BEGIN RECORDS TO PROCESS
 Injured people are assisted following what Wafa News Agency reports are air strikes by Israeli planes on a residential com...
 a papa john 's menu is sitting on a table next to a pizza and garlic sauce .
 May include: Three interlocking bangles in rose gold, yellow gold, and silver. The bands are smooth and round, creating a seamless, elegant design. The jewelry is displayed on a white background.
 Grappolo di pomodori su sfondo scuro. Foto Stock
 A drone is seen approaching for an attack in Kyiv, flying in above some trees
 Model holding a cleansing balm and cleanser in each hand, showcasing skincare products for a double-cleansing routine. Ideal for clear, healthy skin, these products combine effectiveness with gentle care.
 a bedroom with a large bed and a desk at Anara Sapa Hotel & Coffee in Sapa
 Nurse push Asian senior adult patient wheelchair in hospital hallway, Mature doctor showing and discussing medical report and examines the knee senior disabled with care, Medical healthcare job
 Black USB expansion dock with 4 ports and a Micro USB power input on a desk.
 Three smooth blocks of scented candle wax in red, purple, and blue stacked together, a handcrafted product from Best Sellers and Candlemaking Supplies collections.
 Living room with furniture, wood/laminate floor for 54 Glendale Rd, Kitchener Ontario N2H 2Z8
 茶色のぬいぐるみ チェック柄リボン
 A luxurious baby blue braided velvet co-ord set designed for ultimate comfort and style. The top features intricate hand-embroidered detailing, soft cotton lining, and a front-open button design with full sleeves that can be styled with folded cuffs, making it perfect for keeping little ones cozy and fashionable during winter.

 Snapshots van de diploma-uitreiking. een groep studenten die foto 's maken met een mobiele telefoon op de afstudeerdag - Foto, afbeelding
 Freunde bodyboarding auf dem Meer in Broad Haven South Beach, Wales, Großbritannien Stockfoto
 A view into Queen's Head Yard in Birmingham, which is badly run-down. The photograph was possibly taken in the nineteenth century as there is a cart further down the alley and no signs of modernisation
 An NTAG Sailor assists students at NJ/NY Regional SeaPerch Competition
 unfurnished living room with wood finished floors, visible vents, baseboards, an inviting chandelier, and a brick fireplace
END RECORDS TO PROCESS
#### [TASK DETAILS]
Restate the data word for word. Begin at its first line, end at the line that contains "a papa john", and include both.

#### [SOLUTION BELOW]
 Injured people are assisted following what Wafa News Agency reports are air strikes by Israeli planes on a residential com...
 a papa john 's menu is sitting on a table next to a pizza and garlic sauce .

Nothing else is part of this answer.